A Guide To Network Vulnerability Management - Dark Reading - If you want the "training wheels" approach to vulnerability management, then you should read this article. However, the problem goes so much deeper, and this article doesn't even know what tool to use in order to scratch the surface. Sure, you gotta know what services are running on your systems, but it goes so much deeper than that. Environments, threats, systems and people all change, so howdo you keep up? How do you really find, and more importantly fix, the vulnerabilities in your environment?



Old Operating Systems Die Harder - Dark Reading - Okay, here is where you could make a lot of money. Create a company that can actually provide some real security to legacy operating systems. So many of our defenses fail if there is a vulnerability that doesn't have a patch. You can implement some security, but it doesn't really solve the true problem. Once an attacker is able to access the system, its game over. Unless, there is something that can really solve the problem, even thwart the exploit and/or shellcode.

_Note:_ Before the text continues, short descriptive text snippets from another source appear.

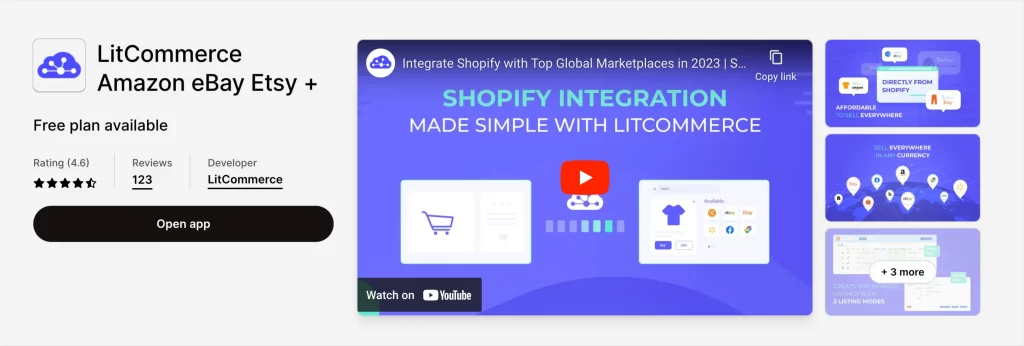 LitCommerce Etsy Shopify app 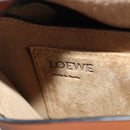 LOEWE Anagram Rainbow Gate Shoulder Bag Leather Brown Auth 134968M-12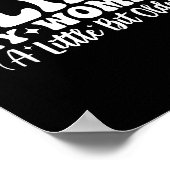 Funny Couples Quotes I Like My Women A Little Bit Poster (Ecke)
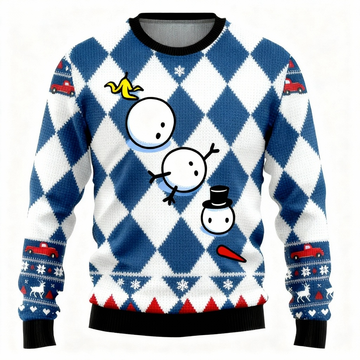 Ugly Christmas Sweater Party [2025] | Playful Snowman Edition
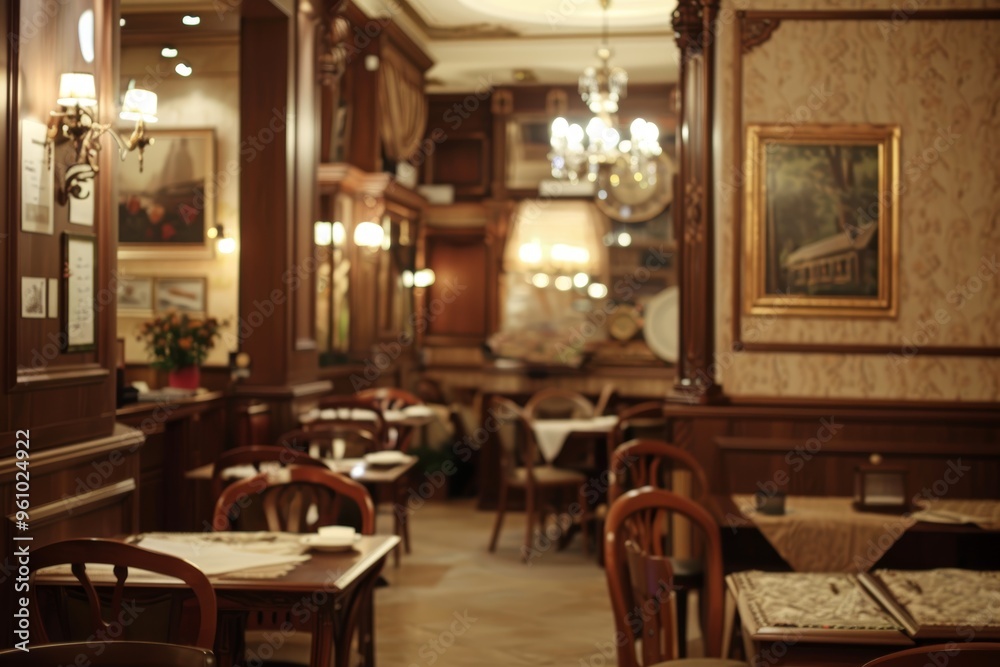 Classical Theme Cafe Interior Classical Theme Cafe Interior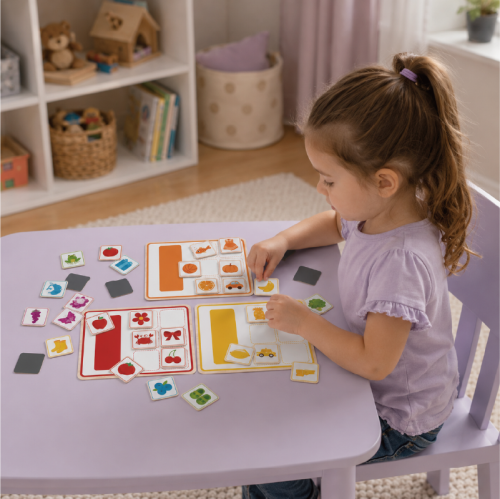 Custom Wooden Color Sorting Puzzle,Matching Puzzle for toddler Learning Toy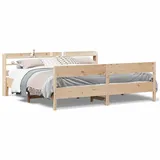vidaXL Massivholzbett 180 x 200 cm beige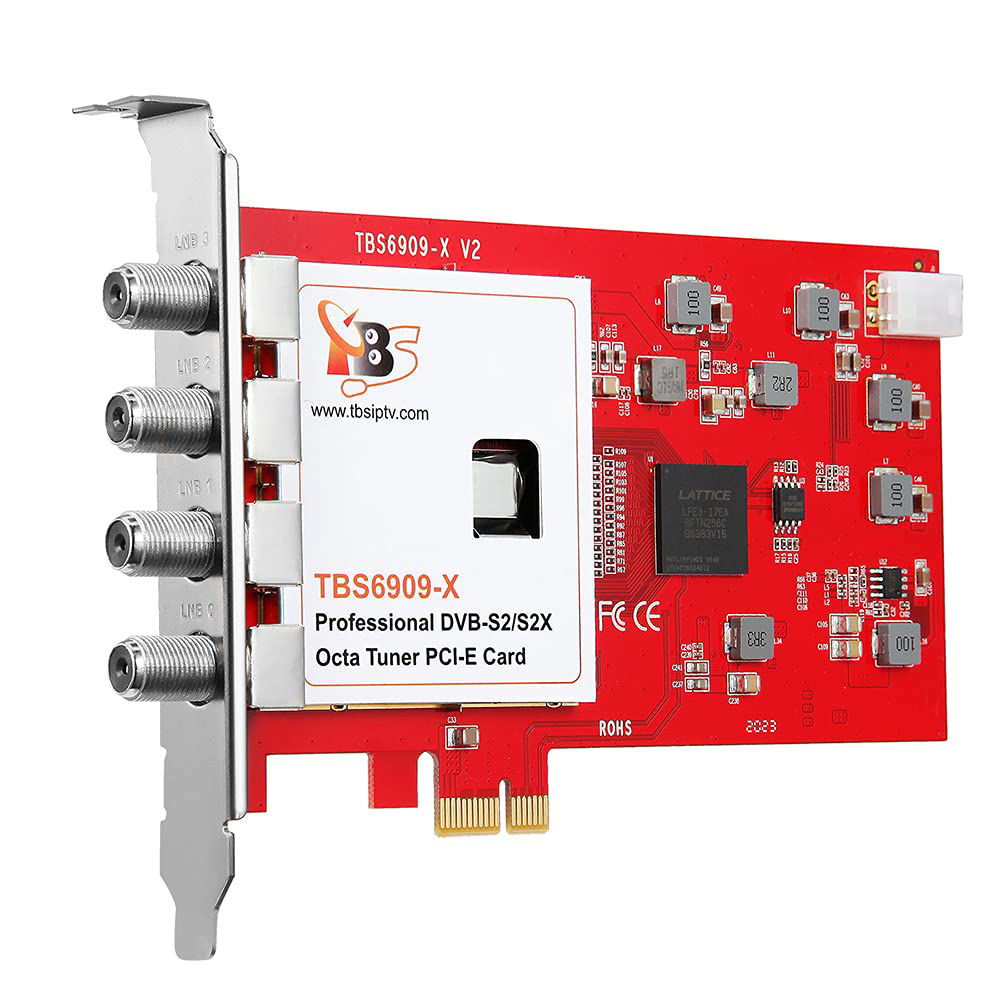 GetUSCart- TBS6909X DVB-S/ S2/ S2X 8 Tuner PCI Express Digital ...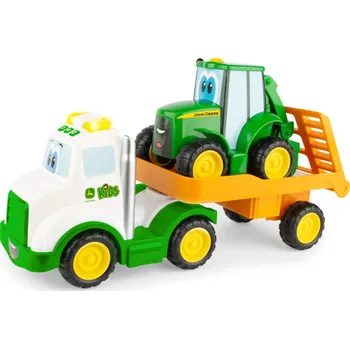 autíčko John Deere Kids Traktor Johny s tahačem 37 cm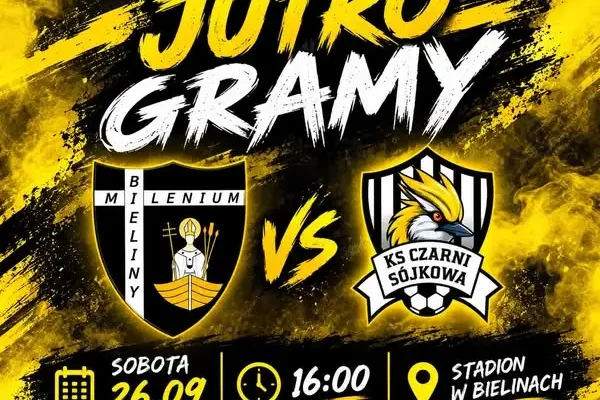 KKS Milenium Bieliny zagra w sobotę z KS Czarni Sójkowa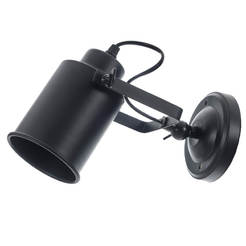 Настенный светильник EL 1866 - 1 x E27, 40Вт, металл, черный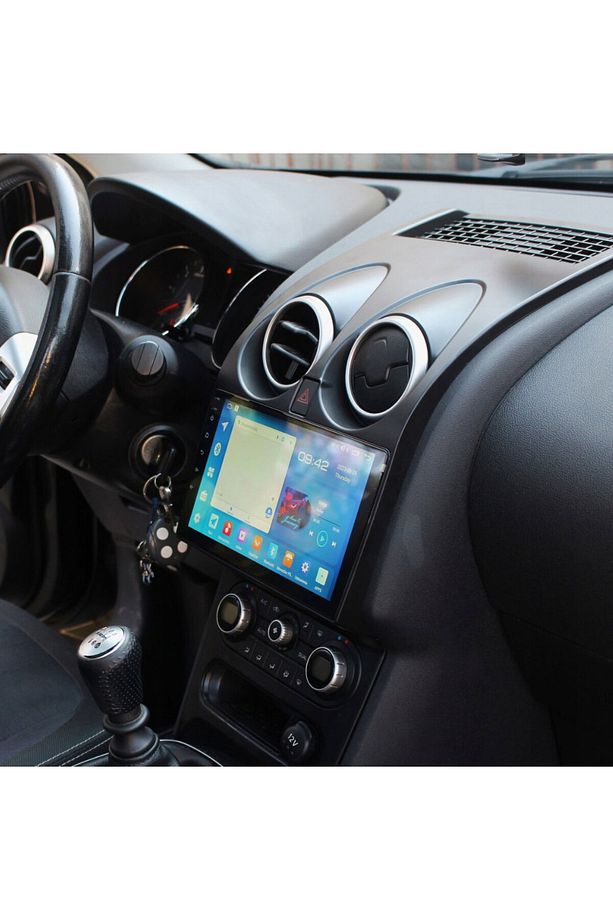 Nissan Qashqai Araç Multimedya Android Ekran Carplay Double Teyp 2+32 9" 07-13 Black BLUEWAY - 5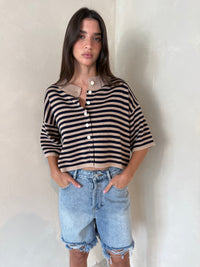 Distressed Bermuda Shorts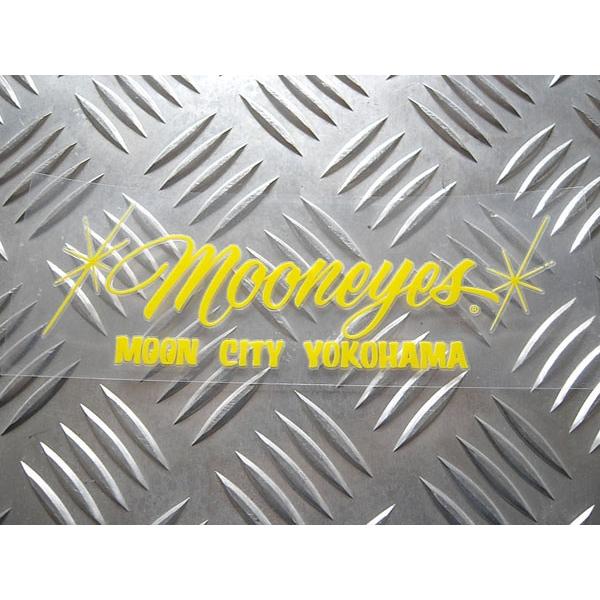 MOON CITY YOKOHAMA ステッカー イエロー ムーンアイズ MOONEYES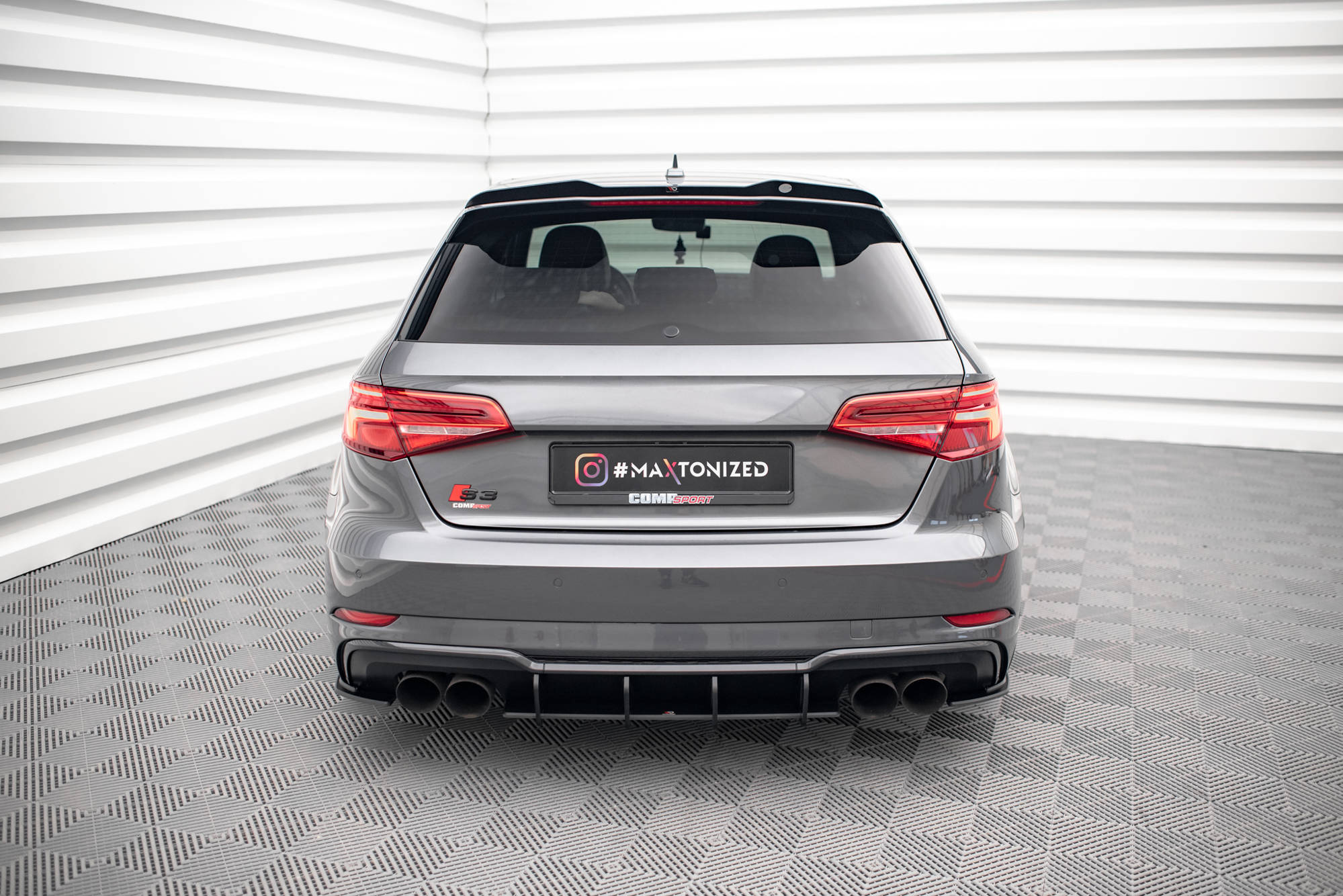 Street Pro Flaps Heckansatz Flaps Heckansatz für Audi S3 Sportback 8V Facelift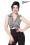 Vintage Damen Karobluse zum knoten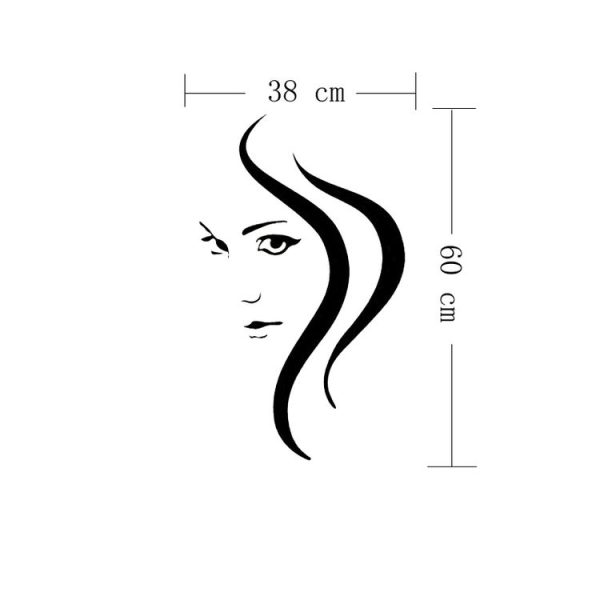 Home Decor Girl Removable Wall Stickers, Size: 60cm x 38cm - Image 5
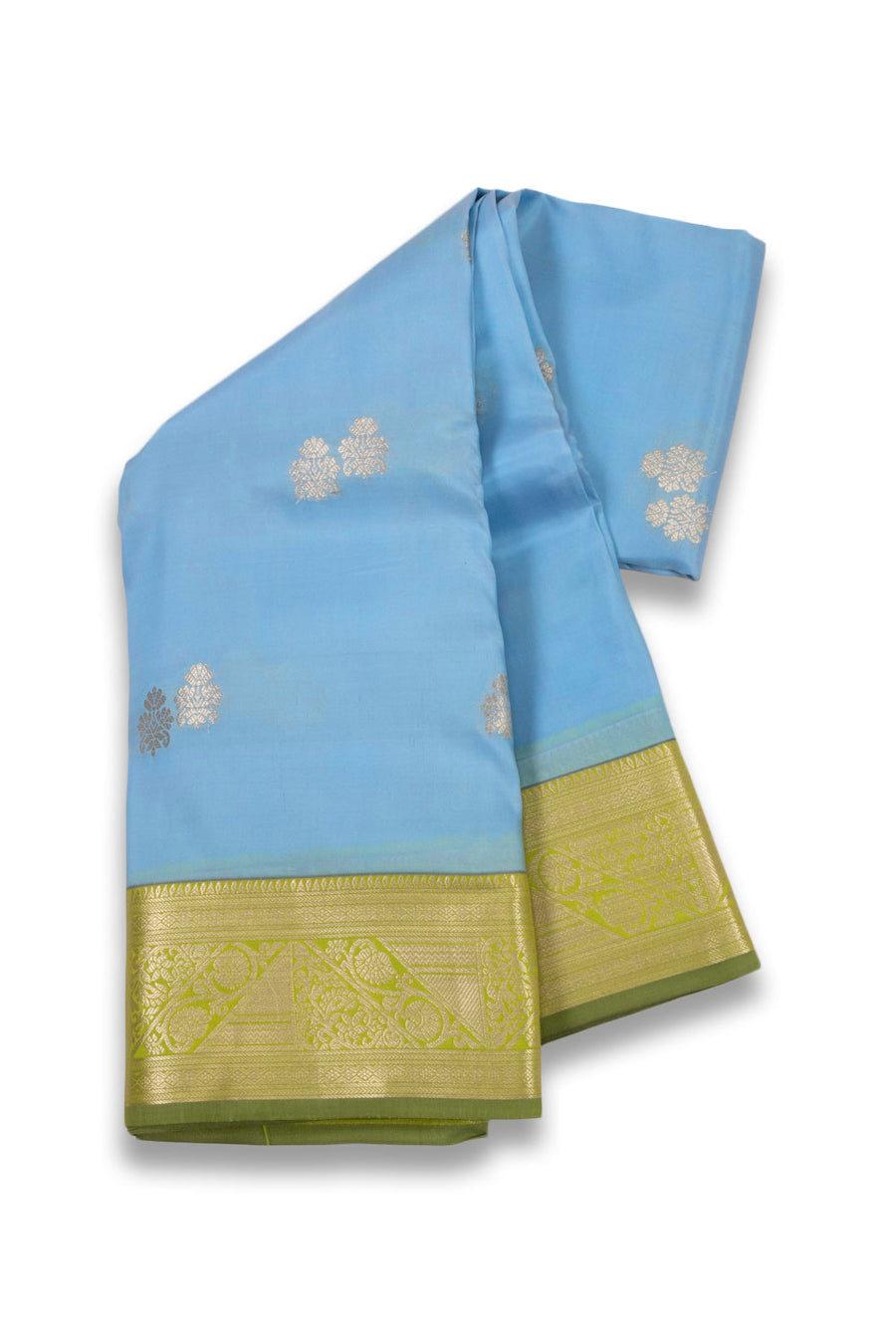 Blue Handloom Kanjivaram Silk Saree 10073826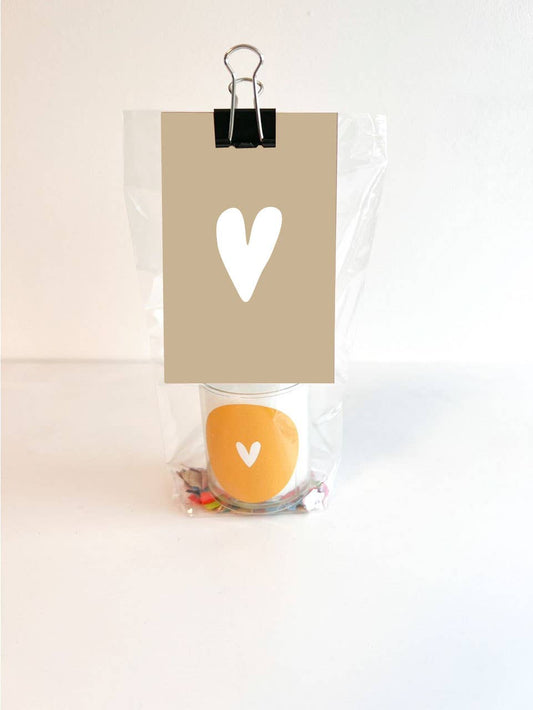 Geschenktüte Kerze - Herz Camel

Technologies exist, but back-porting to legacy systems is not often done. And this is where we need the help.



Microsoft Disrupts ‘Nitol’ Botnet in Piracy Sweep - Microsoft takes down another botnet. Why is this news? Not-so-sure, as this should be the rule rather than the exception.



Blackhole Exploit Kit updates to 2.0 - Check this out, attackers are implementing security! Check this out, this exploit kit now sports: Dynamic URL generation, so there is no longer a standard URL pattern that could be used to identify the kit.IP blocking at the executable URL, so that AV companies can't just download your binary. This is meant to slow down AV detection. Use of Captcha in the admin panel login page, to prevent brute forcing unauthorized access. If legit defendersonly did all that, well, except for the CAPTCHA, which is useless.



Domino's Pizza says website hacked - One of the most useful things the Internet has ever given birth to, aside from access to free porn, is the ability to order pizza online. So back off! Oh, then there is this: "This is a very unfortunate event which has happened despite the security ecosystem that we have created around our online assets. Some security "ecosystem" you got there.



More SSL trouble - SSL is broken, again, Drink!



Apple unveils redesigned iPhone 5 with 4-inch display - I did not see any mention of improved security, but what a sexy device. Wireless now supports dual band n, which is awesome.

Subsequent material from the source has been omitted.